“I’m so sorry.”
“It is what it is,” she says, and for the first time, I can see that her nonchalance is her armor. I feel guilty for not seeing it before.
“If it was cancer,” I say, “why would your ex-boyfriend say it was your fault that she died?”
For the first time ever, Brittaney looks uncomfortable with our conversation.
“Like I said before, I don’t start showing until the third trimester, and I’d only gotten my period a couple of times before I got pregnant, so it was easy for me to be in denial for a while. By the time I knew for sure I was pregnant, I was six months gone, and I was thirteen. I’d been smoking cigarettes since I was eleven, so it was hard for me to give up.” She looks at my face. “I tried. I really did. But finally my doctor told me that at a certain point, my being so stressed out was more harmful to the baby than a cigarette. I was really stressed too, you know? The foster mom I had that year was a bitch. Her nephew was my baby daddy, and since he was nineteen, she was worried she was gonna get in trouble with my social worker. It was a whole thing.”
“He was nineteen? And you were only thirteen?”
“He was the one buying our cigarettes anyway!” She holds her hands up in exasperation. “I asked the cancer doctor, and she said those cigarettes would have only increased the chances by one percent, that it was mostly genetics that gave my baby that kinda cancer, not me having one cigarette a day.” Brittaney gives her trademark shrug. “I was able to quit smoking last time I was pregnant. I was your age, and things were a little better for me. I’d just bought my house and stuff.”
“You own a house?” She should probably be insulted by my surprise, but she doesn’t seem to notice.

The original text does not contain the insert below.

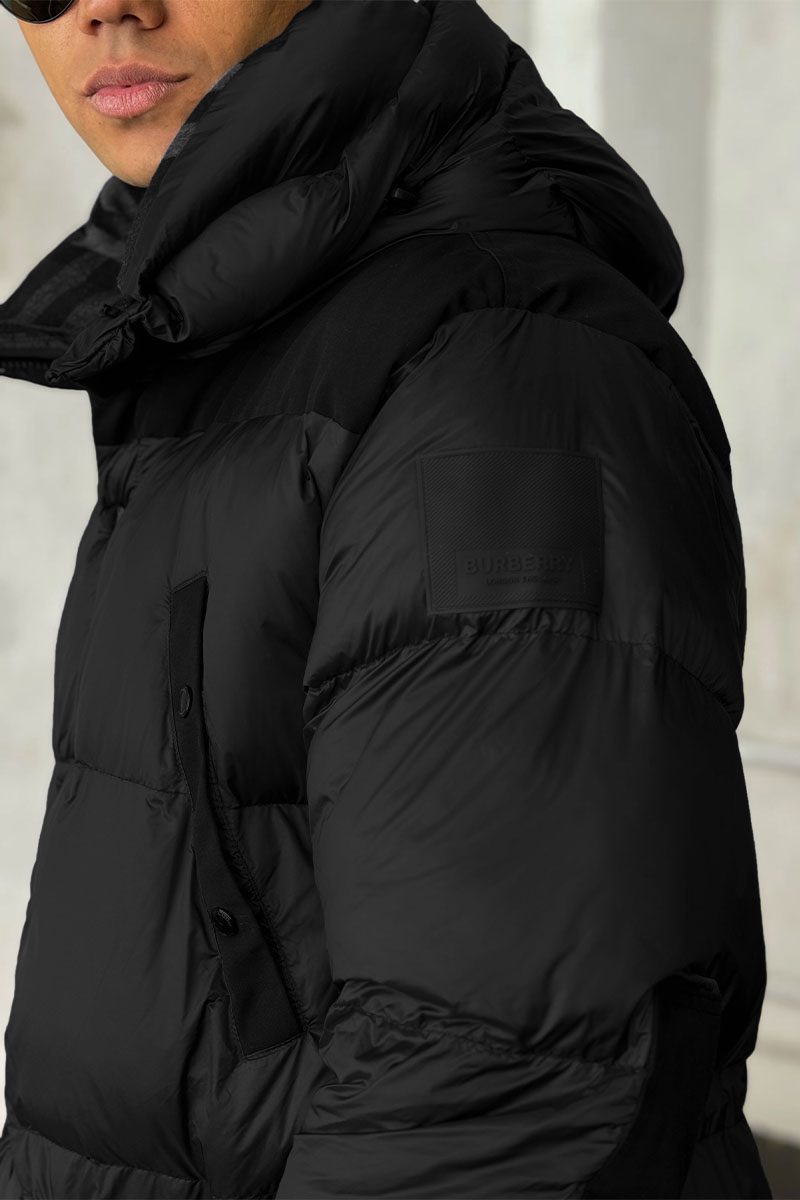 Burberry Удлинённый чёрный пуховик Nylon logo-patch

“Okay, so you won’t believe this, but before my parents lost their shit to drugs, they were doctors.” She chuckles and leans forward to whisper, like she’s telling me a dirty joke. “Can you imagine going to medical school, getting married, having a kid in preschool, and then getting hooked on fucking dope? Couple of losers, those two.” She laughs and rolls her eyes so hard this time that it looks like it hurts. “But the one thing they couldn’t sell for drugs—and trust me, they sold everything for drugs, even me—was their life insurance policies. I got to collect on those when I turned eighteen, and I bought my house, free and clear. Neighborhood’s a bit rough, but the school’s okay, and I can save money on gas most days walking to my job.”
“Girls?” Wanda sticks her head inside the restroom. “We’re waiting on you. Is everything all right?”
“Yeah, yeah, tell Singh we’re coming,” Brittaney says. “She’s a total suck-up,” she whispers to me.
I nod.
She is a survivor, Dr. Singh had said.
I don’t share anything during group therapy, even though Dr. Singh gives me several significant looks. I don’t know what he expects from me. The others are talking about being unable to save children or getting shot at or raped.
Perhaps when Dr. Singh said I could learn something from Brittaney, he meant I could learn that I didn’t really have anything to be traumatized about.
But then, even though our circumstances are so different, the things the others say about their traumas sound like the things I feel about Finny’s death, like we carry an indelible mark on us.
I don’t speak, but I listen.
When the session is over, I have a text message from Mom. Her car has a flat, and Angelina is coming to change it for her, but they’ll be late picking me up. I stop short in the lobby. I should have brought my book about French parenting to read in case of something like this.
“You okay?” Brittaney asks. She’s already holding her cigarettes and lighter in one hand, and we aren’t even outside.
“Yeah, my ride is late,” I say.
“Oh shit, where you live?”
“Ferguson.”
“My favorite foster mom lived in Ferguson! I live in North County too. I can drop you off.”
“No, no—”
“Girl, people bring their unvaccinated, snot-nosed kids through this lobby all day long. You’ll catch a new kind of measles that gives your baby superpowers or something. Don’t worry. I don’t smoke in my car. I’ll have this done by the time I reach the parking garage. Wait right here.”
Before I can protest again, she heads outside and lights up to smoke as she walks, ignoring the landscaped pathways and crossing flower beds, stepping over the bushes surrounding the building as she makes her way to the garage.